= Prism (chipset) =

The Prism brand is used for wireless networking integrated circuit (commonly called "chips") technology from Conexant for wireless LANs. They were formerly produced by Intersil Corporation, before being sold to GlobespanVirata in 2003, which was later acquired by Conexant in early 2004.

== Legacy 802.11b products (Prism 2/2.5/3) ==
The open-source HostAP driver supports the IEEE 802.11b Prism 2/2.5/3 family of chips.

Wireless adaptors which use the Prism chipset are known for compatibility, and are preferred for specialist applications such as packet capture.

No win64 drivers are known to exist.

=== Intersil firmware ===
- WEP
- WPA (TKIP), after update
- WPA2 (CCMP), after update
- Access Point mode

=== Lucent/Agere ===
- WEP
- WPA (TKIP in hardware)

== 802.11b/g products (Prism54, ISL38xx) ==
The chipset has undergone a major redesign for 802.11g compatibility and cost reduction, and newer "Prism54" chipsets are not compatible with their predecessors.

Intersil initially provided a Linux driver for the first Prism54 chips which implemented a large part of the 802.11 stack in the firmware. However, further cost reductions caused a new, lighter firmware to be designed and the amount of on-chip memory to shrink, making it impossible to run the older version of the firmware on the latest chips. In the meantime, the PRISM business was sold to Conexant, which never published or provided information about the newer firmware API that would enable a Linux driver to be written.
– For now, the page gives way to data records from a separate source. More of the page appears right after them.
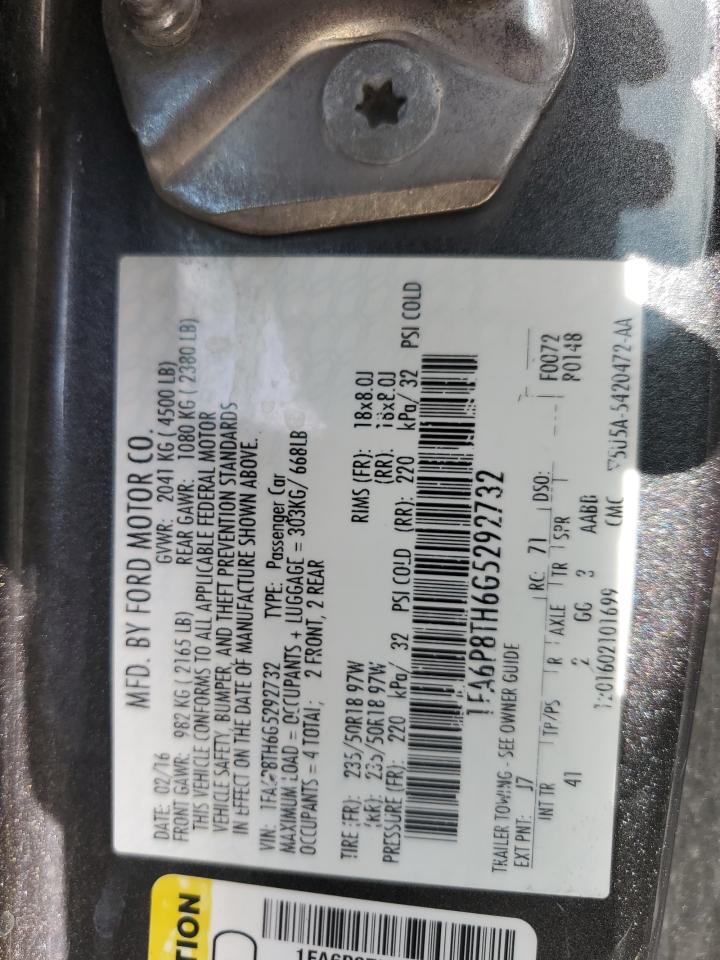 2016 Ford Mustang VIN: 1FA6P8TH6G5292732 Lot: 57324565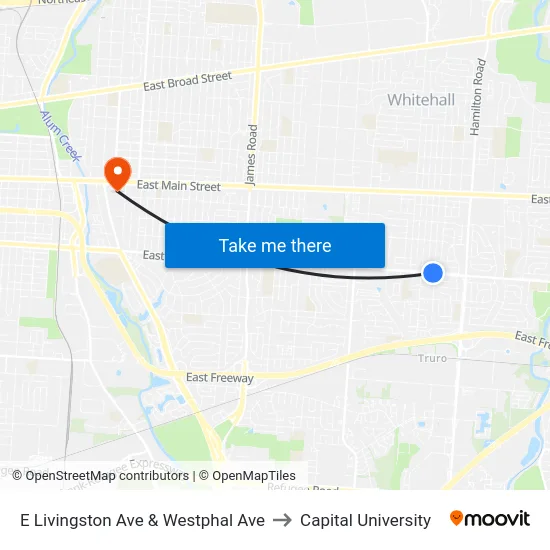 E Livingston Ave & Westphal Ave to Capital University map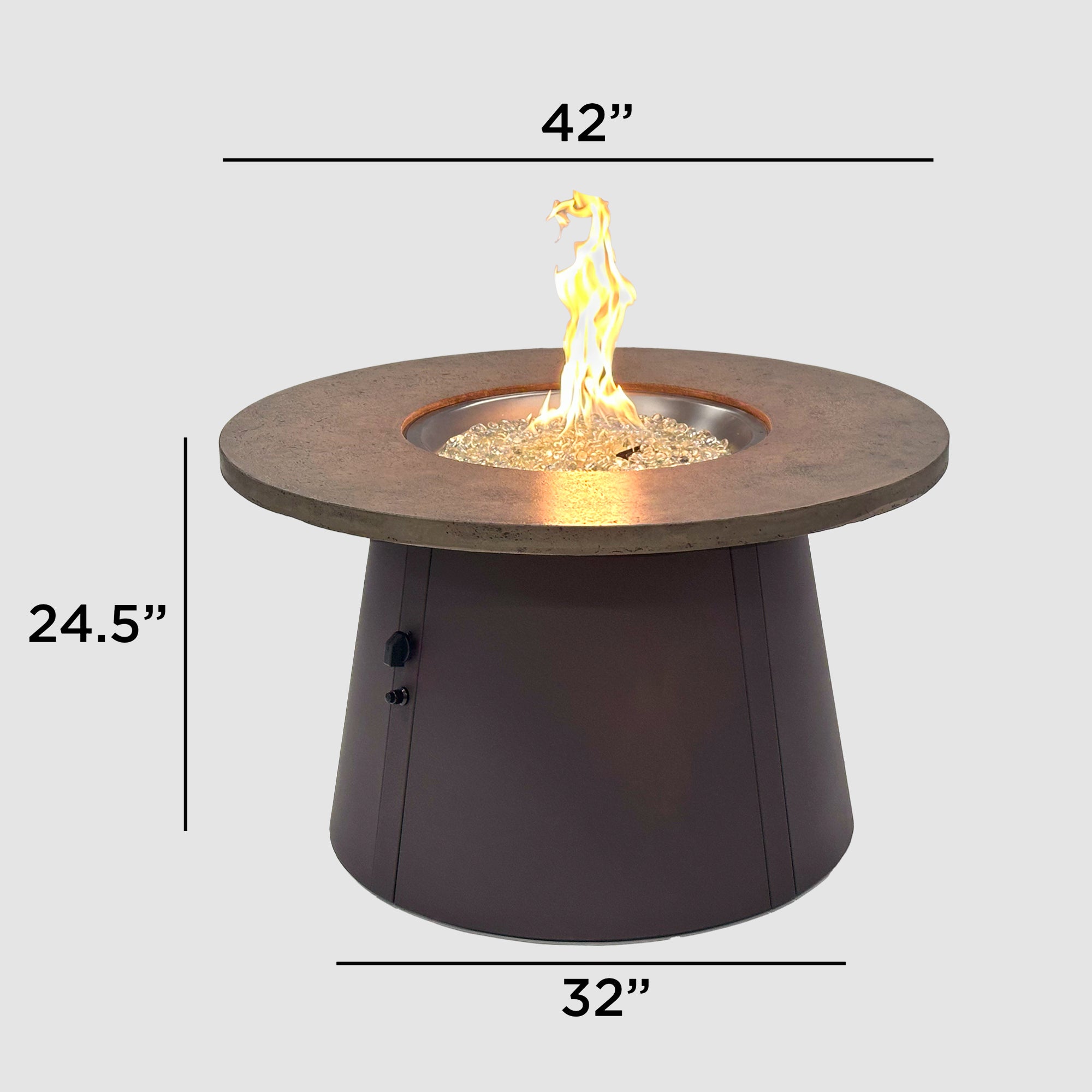Cirvalo 42" Round Gas Fire Pit Table wit - Round Granite Top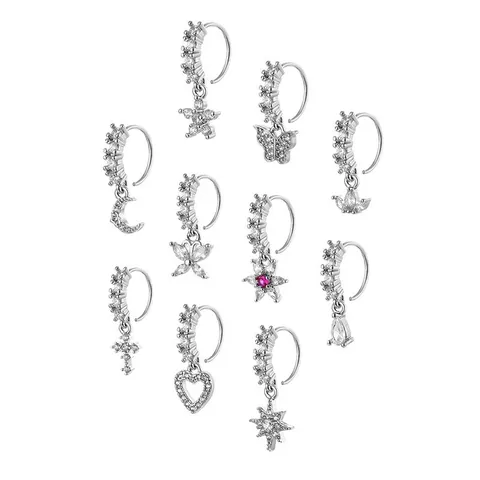 18K Gold Plated Copper Zirconia Nose Ring Hoop With Butterfly Cross Star Moon Heart Dangle Piercing Body Jewelry For Women Men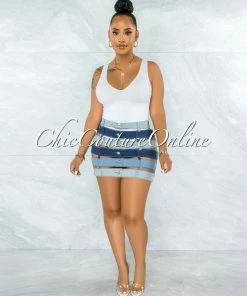 Vendor-unknown JUST IN Melinda Blue Denim Waistbands Mini Skirt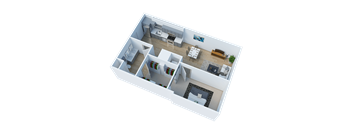 Side view of 1 Bedroom 3D floor plan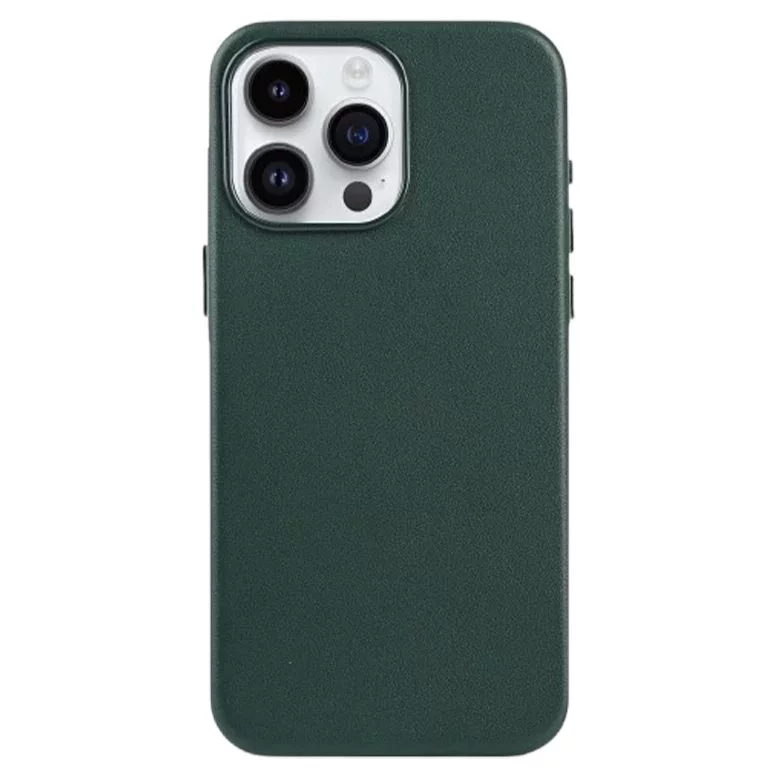Чехол Leather Magsafe iPhone 16 Pro Max Green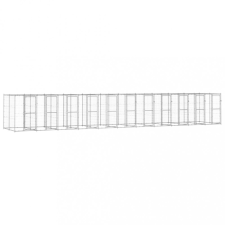 vidaXL Kültéri horganyozott acél kutyakennel 26,62 m² szállítóbox, fekhely kutyáknak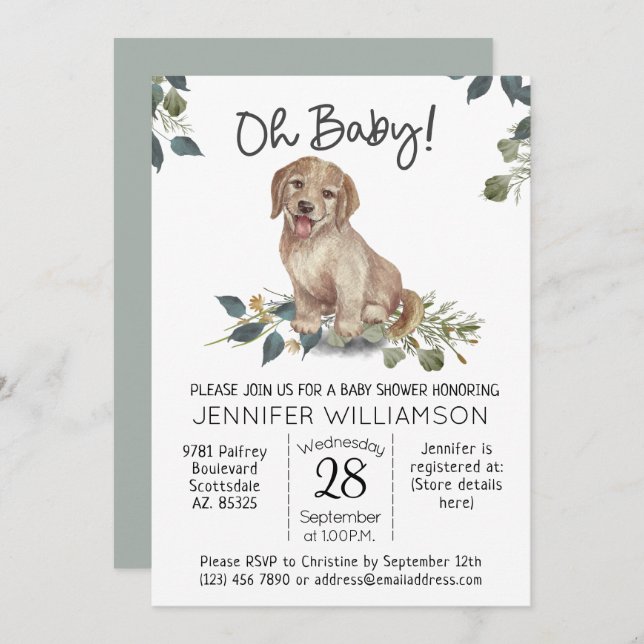 Invitation Mon bébé ! Baby shower chien mignon (Devant / Derrière)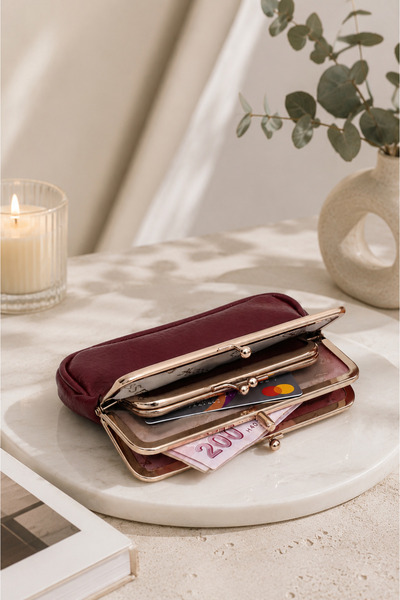 Maslan Bags Women's Burgundy Multi-Compartment Soft Leather Clip-On Scholarsh...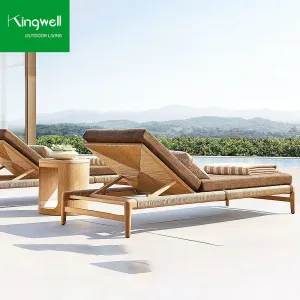 Modern Luxury Outdoor Teak Wood Sun Lounger UV Resistant Solid Durable Waterproof Beach Sunbed Cushion for Hotel Garden Use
A lack of SoftMAC support in the Prime54 driver resulted in only being able to use FullMAC devices. However, a reverse engineering effort eventually made it possible to use the newer Prism54 chipsets under the Linux and BSD operating systems. This effort deprecated the Prism54 driver in the Linux kernel, and has been replaced by the p54 driver which supports both FullMAC and SoftMAC.